Aberglaube und Brauch aus den Kreisen Bütow und Lauenburg von A. Archut
Erstveröffentlichung in: Blätter für Pommersche Volkskunde, III. Jg. 1894/95 S.122-123


V. Geburt, Taufe und Kindheit

(W. bedeutet Wusseken im Kreise Bütow, F. ist Königl. Freist im Kreise Lauenburg)

  1. Jedes einundzwanzigste Mädchen, das in einem Kirchspiel geboren wird, muß ledig bleiben. F.
  2. Werden in einem Jahr mehr Knaben als Mädchen geboren, so giebt es Krieg. W.
  3. Kindern soll man nicht vor der Taufe den Namen geben, sonst werden sie klatschsüchtig. F.
  4. Die Paten sollen vor der Taufe nicht die Oberkleider ablegen, sonst reißen die Kinder sehr die Kleider. F.
  5. Wenn bei einem Kinde lauter alte Personen zu Paten genommen werden, wird das Kind auch alt, ehe es sich einmal verheiratet. F.
  6. Täuflinge sollen von den Paten auf dem rechten Arm über die Taufe gehalten werden, sonst werden die Kinder links. Massow.

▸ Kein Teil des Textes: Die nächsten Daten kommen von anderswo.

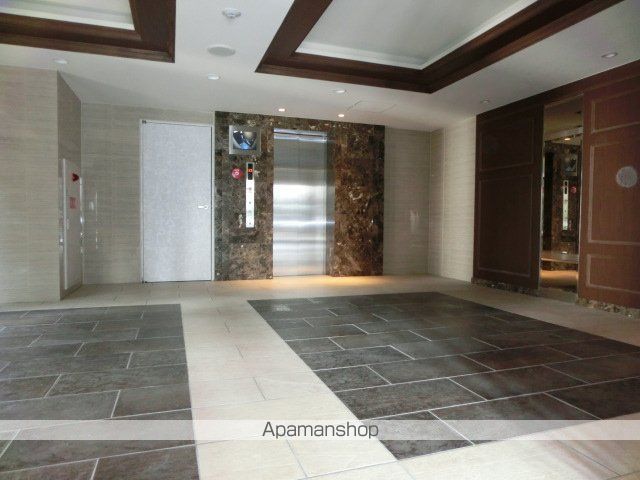 PRESSANCE松屋町駅前のその他写真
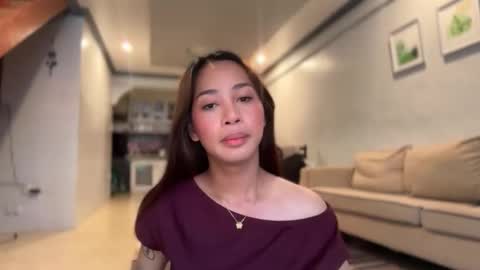 kirstenelsie online show from 11.16.25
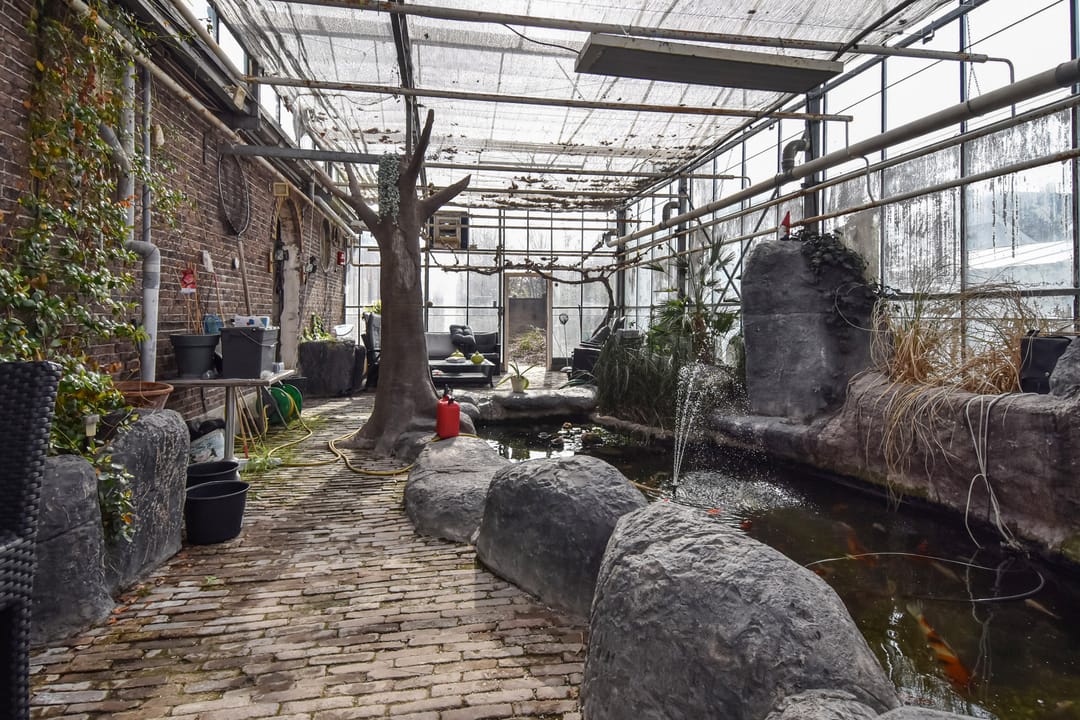Foto 28 van Poeldijkseweg 13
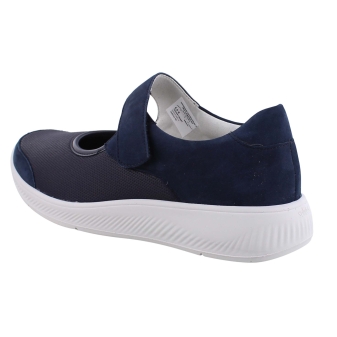 Solidus 65509 blauw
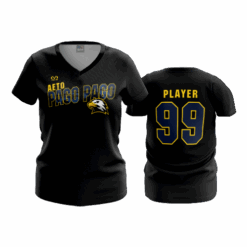 4858 WOMENS V NECK PAGO-PAGO-AETO-1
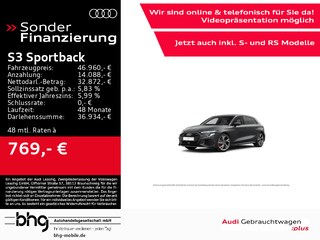 erstes Vorschaubild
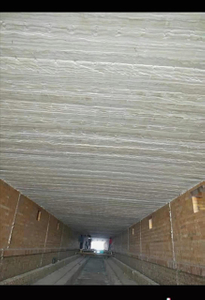 Clay Brick Tunnel Rotary Kiln Plant Coal For Clay Brick Ceramics Brick Drying Firing Process In South Africa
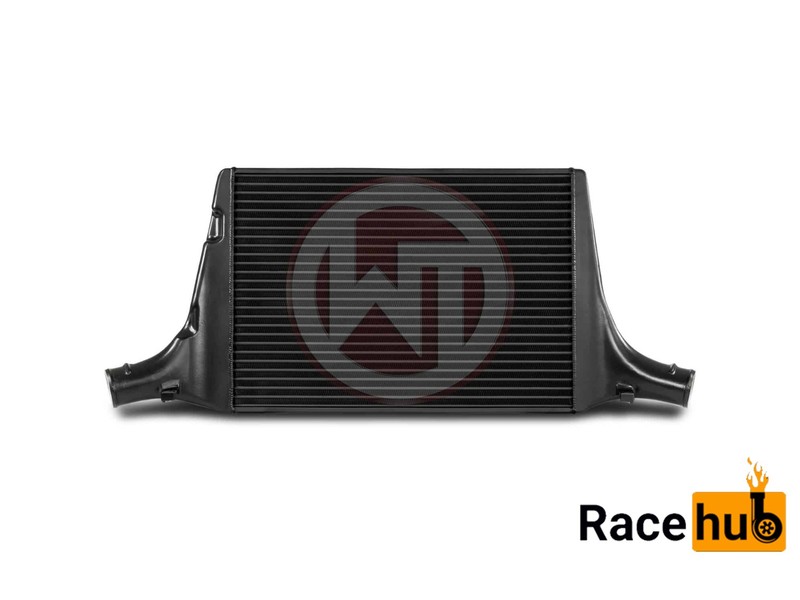 Upgrade Intercooler Kit Audi A4/A5 B8.5 2.0TFSI [2]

  7. Ein Bauer stand bei einem Täufling 3 Mk. 10 Pf. (d. h. er legte so viel in den Patenzettel). Wozu noch die 10 Pfennige? Nun, da hat das Kind sein Lebtag stets Groß- und Kleingeld. F.

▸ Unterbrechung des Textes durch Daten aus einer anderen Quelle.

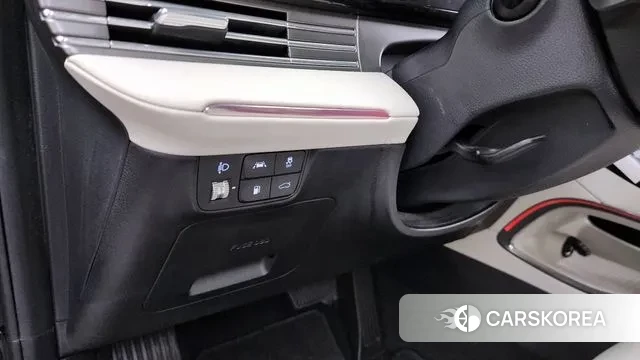 Hyundai The New Grandeur IG id 3334926 из Кореи 7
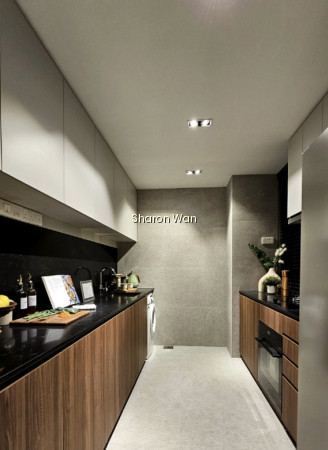 THE ARCADY AT BOON KENG photo 6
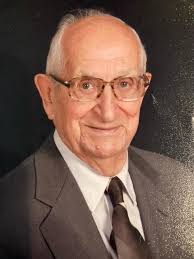 Clarence Wright Obituary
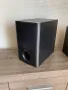 SONY SS-WS80 3+1 sub+ surround speakers, снимка 6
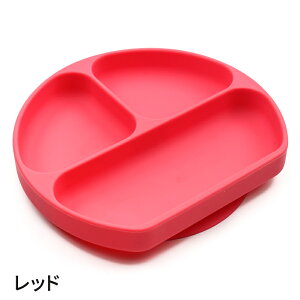 oLX Bumkins VRv[g xr[H zՕt qpv[g H H@Ή ЂԂȂ VR fBbV 킢 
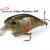 DUO Crankbaits Realis Crank Mid Roller 40F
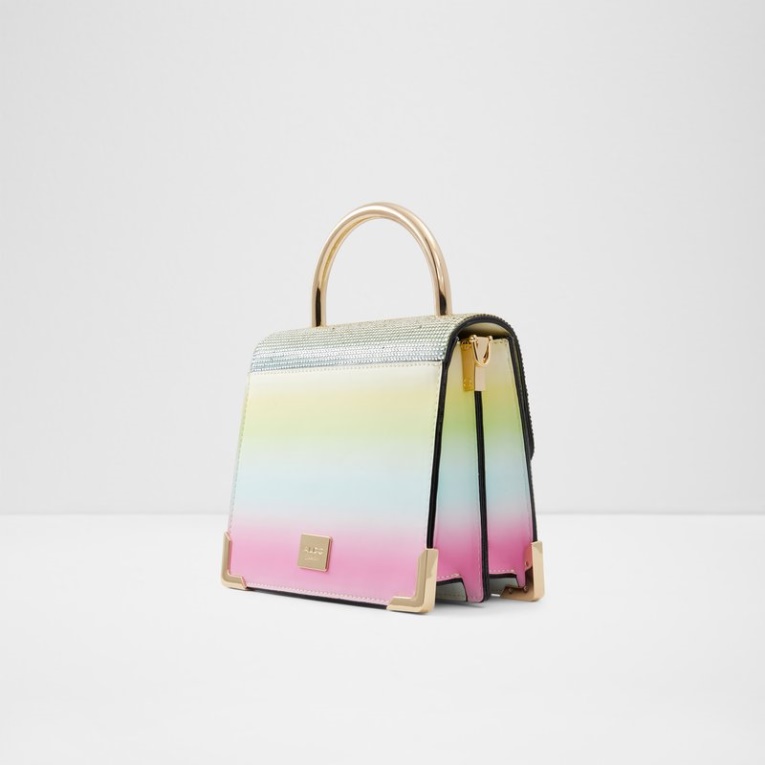 Kedaydiagem Brillante Multi Aldo Moda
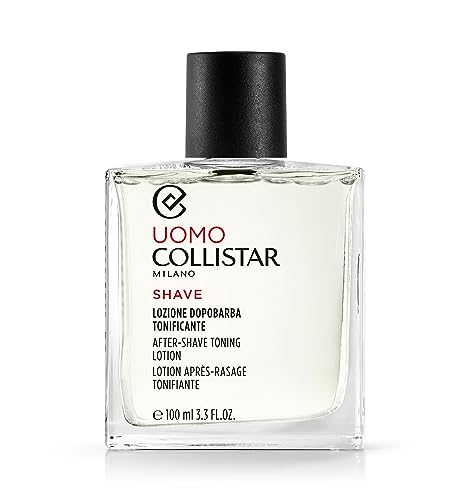 collistar-uomo-lozione-dopobarba-tonificante-100ml image 3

  8. In dem Dorfe Gumenz, Kr. Rummelsburg, sagt man: Kinder, die in der Mutterkirche zu Zettin getauft werden, sind später fromm und gutmütig; diejenigen aber, welche die Taufe in der Tochterkirche zu Treblin empfangen, tragen den Kopf hoch und sind stolz.
  9. Bringen die Paten das Kind von der Taufe zurück, so sprechen sie: Ne Heide neihm wi mit, ne Christe bring wi wedder! Und der Täufling wird nun mit den Worten begrüßt: So lang weerscht du he Heid, nu bist du he Christ! Häutet sich nachher das Kind, so heißt es: Dat is de Heidehut, die afplustert, å die is immer gäl. Die Haut des Christen ist dagegen weiß. W.
  10. Die leere Wiege soll man nicht rühren, sonst bekommt das Kind Kopfweh. W.
  11. Niesen kleine Kinder, so wird ihnen zugerufen: Help Gott, dat du fromm å grot warscht! W.
  12. Wenn kleine Kinder den Schluckauf kriegen, dann wächst ihnen das Herz. W.
  13. Wenn Säuglinge kräftig wachsen, so glaubt man, sie werden nicht lange leben. Man drückt das so aus: Sei wasse dem Dod‘ entgegen. W.
  14. Wenn kleine Kinder viel weinen, so sagen alte Leute: Dat gifft ball Regen. F.
  15. Wenn Säuglinge viel schreien, geht man mit ihnen über drei Hausthürschwellen (Sill). Das Geschrei wird dann aufhören. Die betreffenden Thüren müssen aber offen sein; auch darf dabei nicht gesprochen werden. F.
  16. Hat sich ein Kind den Nabel ausgeschrieen, so soll man denselben dreimal mit dem Stocke eines Prachers bedrücken, sodann den Stock schweigend an die Stelle zurückbringen, von der man ihn genommen hat. F.
  17. Säuglinge sollen sich nicht küssen, weil ihnen sonst das Erlernen der Sprache schwer fällt. Aus demselben Grunde soll man die Kinder unter einem Jahr nicht auf den Tisch sitzen lassen. W.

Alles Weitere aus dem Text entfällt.